Updated February 21, 2017

A business development manager has the challenging task of identifying strategic business opportunities for an organisation in order to generate revenue. This position requires a person who has the ability to recognise opportunities, along with the sales experience to successfully negotiate and close deals.

Job Purpose

A business development manager is responsible for implementing an organisation’s business development strategy, identifying new business opportunities, maintaining key relationships and negotiating and closing business deals. This position often has set financial targets that the manager must meet in order for the organisation to meet its projected revenue generation.

Responsibilities

Specific responsibilities for a business development manager may include pursuing sales leads and prospective clients, building client relationships, delivering presentations and proposals, maintaining extensive knowledge of current market conditions, and negotiating and closing business deals. This position may require extensive travel.

Qualifications

Qualifications for this position typically include a bachelor’s degree and two to three years' experience.
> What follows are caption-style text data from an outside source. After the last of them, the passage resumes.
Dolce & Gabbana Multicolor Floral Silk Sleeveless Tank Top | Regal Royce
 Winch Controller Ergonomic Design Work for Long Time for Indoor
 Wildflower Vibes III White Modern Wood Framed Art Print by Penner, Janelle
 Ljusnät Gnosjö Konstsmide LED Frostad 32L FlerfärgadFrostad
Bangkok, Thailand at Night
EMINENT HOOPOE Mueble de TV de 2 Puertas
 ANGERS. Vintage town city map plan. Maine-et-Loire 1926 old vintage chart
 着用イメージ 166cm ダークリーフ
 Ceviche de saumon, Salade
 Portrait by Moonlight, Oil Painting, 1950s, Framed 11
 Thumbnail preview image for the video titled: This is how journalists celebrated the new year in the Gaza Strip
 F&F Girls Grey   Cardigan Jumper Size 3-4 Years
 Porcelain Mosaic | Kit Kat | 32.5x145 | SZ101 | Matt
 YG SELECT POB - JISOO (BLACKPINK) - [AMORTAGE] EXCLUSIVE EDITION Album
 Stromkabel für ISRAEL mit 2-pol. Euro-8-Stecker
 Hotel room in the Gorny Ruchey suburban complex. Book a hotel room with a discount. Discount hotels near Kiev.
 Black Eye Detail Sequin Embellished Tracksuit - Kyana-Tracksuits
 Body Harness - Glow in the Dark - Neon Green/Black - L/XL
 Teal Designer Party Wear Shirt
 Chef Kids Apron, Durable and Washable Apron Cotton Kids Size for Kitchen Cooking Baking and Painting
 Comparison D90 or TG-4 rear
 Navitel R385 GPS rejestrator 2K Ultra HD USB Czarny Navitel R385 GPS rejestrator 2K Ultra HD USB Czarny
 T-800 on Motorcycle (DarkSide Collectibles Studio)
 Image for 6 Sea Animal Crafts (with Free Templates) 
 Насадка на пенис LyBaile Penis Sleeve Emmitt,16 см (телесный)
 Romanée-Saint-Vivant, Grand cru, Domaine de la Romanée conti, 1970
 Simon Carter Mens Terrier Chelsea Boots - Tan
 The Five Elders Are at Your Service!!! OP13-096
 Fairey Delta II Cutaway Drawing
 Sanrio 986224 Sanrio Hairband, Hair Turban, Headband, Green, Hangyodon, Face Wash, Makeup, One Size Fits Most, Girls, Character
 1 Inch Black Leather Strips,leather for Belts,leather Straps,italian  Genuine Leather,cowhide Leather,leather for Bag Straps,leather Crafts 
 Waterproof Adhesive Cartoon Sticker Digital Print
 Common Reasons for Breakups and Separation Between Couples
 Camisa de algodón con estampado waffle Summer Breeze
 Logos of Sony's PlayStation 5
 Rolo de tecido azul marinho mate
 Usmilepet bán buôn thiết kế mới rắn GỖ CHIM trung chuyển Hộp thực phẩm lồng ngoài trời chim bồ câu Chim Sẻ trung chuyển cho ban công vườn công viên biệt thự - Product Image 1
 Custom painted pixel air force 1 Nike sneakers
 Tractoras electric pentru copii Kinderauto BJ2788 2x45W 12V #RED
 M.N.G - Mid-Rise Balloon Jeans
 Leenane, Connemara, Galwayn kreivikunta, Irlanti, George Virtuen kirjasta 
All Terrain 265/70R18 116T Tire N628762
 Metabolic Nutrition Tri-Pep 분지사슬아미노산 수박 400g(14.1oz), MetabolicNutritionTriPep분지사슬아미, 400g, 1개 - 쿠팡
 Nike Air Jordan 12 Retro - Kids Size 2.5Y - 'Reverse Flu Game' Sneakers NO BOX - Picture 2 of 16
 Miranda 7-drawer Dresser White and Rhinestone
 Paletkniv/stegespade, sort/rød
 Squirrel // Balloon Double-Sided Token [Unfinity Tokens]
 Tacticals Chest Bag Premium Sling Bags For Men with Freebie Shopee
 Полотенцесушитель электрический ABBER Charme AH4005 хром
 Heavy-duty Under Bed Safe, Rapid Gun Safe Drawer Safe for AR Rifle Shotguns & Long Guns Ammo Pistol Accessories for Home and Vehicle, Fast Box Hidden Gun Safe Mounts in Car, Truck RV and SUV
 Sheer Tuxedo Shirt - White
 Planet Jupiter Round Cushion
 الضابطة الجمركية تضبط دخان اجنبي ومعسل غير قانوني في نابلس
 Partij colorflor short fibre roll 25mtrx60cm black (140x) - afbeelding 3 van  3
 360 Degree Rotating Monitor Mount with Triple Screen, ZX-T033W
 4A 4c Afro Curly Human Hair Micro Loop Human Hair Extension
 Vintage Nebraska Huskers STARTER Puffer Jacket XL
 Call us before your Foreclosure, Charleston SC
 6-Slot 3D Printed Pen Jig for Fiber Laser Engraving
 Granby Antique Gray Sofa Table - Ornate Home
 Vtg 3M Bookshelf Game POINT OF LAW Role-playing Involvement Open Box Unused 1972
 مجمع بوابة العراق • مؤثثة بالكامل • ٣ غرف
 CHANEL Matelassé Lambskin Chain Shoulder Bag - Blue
Other qualifications may include knowledge of the specific industry, proven revenue generation and sales experience.

Skills

Other skills employers may seek when hiring a business development manager include excellent communications skills, self-motivation, outstanding ability to sell, strong writing and presentation skills, excellent negotiation, closing and follow-up skills, and market research experience.

Salary Information

According to PayScale.com, as of May 2010, the average salary of a business development manager ranges from £37,700 to £74,100, depending on employment setting. For example, a business development manager at a non-profit organisation averages £26,650 to £40,300, while a private firm averages £33,800 to £57,850. Other employment settings include hospitals, universities and government agencies.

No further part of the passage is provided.